Les signataires à la présente refusent le ségrégationnisme et le totalitarisme de principe liés à la loi anti-tabac et demandent la levée de l'interdiction de fumer dans les restaurants et autres services horeca (hôtels, club de loisirs, etc), gares, aéroports, lieux publics et de travail, avec aménagement dans ces endroits d'espaces en vue de protéger les non-fumeurs s'ils ne sont pas assez aérés ; et de reconnaître le droit pour chaque établissement de pouvoir choisir s'il est fumeur ou non-fumeur.
La position de la Belgique s'est avérée être un exemple inadmissible et inacceptable pour un modèle de construction européenne, en s'appuyant dans une vision absolutiste de la santé, sur les deux seuls antécédents (l'Irlande et l'Italie, cette dernière n'étant pas digne de comparaison en raison du climat) les plus restrictifs !
Avec les deniers publics pour les voyages "d'étude", la loi Demotte aurait pu s'inspirer de solutions plus libérales et respectueuses des libertés individuelles d'une frange non-négligeable de la population, comme le représentait alors l'Espagne où chaque établissement avait le choix d'être fumeur ou non-fumeur.
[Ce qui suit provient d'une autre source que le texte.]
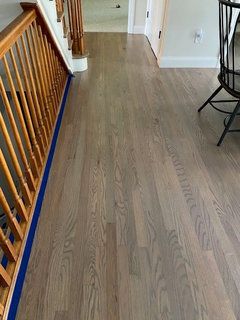 does anyone have pictures of red oak floors with Duraseal Rustic beige Duraseal On Red Oak Floors, Rustic Beige Stain On White Oak, Duraseal Rustic Beige Red Oak, Rustic Beige Stain On Red Oak, Duraseal Stain Colors Red Oak, Rustic Beige Stain, Natural Red Oak Hardwood Floors, Duraseal Weathered Oak, Minwax Rustic Beige Stain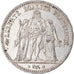 Coin, France, Hercule, 5 Francs, 1873, Paris, EF(40-45), Silver, KM:820.1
La liberté de choix doit être l'essence de toutes décisions politiques.
Outre que les fumeurs ne peuvent être considérés comme des hors-la-loi ou des criminels de comportements privés, notons aussi qu'il existe des facteurs psychologiques qu'une vision propagandiste et réductrice du concept de la santé ne peut pas cerner.
Un état de santé est toujours le résultat de facteurs multiples et de données complexes parfois même inconnues.
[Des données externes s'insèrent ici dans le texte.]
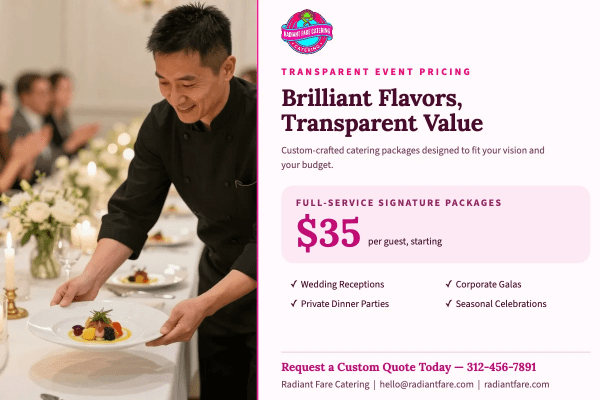 Pricing Catering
Beaucoup de facteurs de pollution ou autre conséquence peuvent être aussi nuisibles dans cette affaire. Les signataires à la présente estiment qu'une approche réaliste et plus humaniste nécessite un respect fondamental portant sur des matières de culture, d'emploi, d'économie et d'affaires sociales !
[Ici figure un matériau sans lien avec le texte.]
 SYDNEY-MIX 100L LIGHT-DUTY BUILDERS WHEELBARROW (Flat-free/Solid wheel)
Ne pouvant accepter, ni meme imaginer, une "dictature anti-tabac" avec les pressions émotives ou économiques, et éventuels abus de pouvoir que pourraient exercer des non-fumeurs à l'égard des fumeurs, il n'est non plus pas pensable pour les signataires de la présente d'accepter d'aucune manière un système d'organisation où, ni un quelconque individu, ni les journalistes fumeurs, ni les représentants syndicaux ou commerciaux, les hommes d'affaires, leurs clients, les artistes, les touristes, les intellectuels et les politiciens fumeurs ne pourraient trouver leurs places et risqueraient d'être évacués (freinés ou muselés) au nom de la cigarette du "tabagisme passif".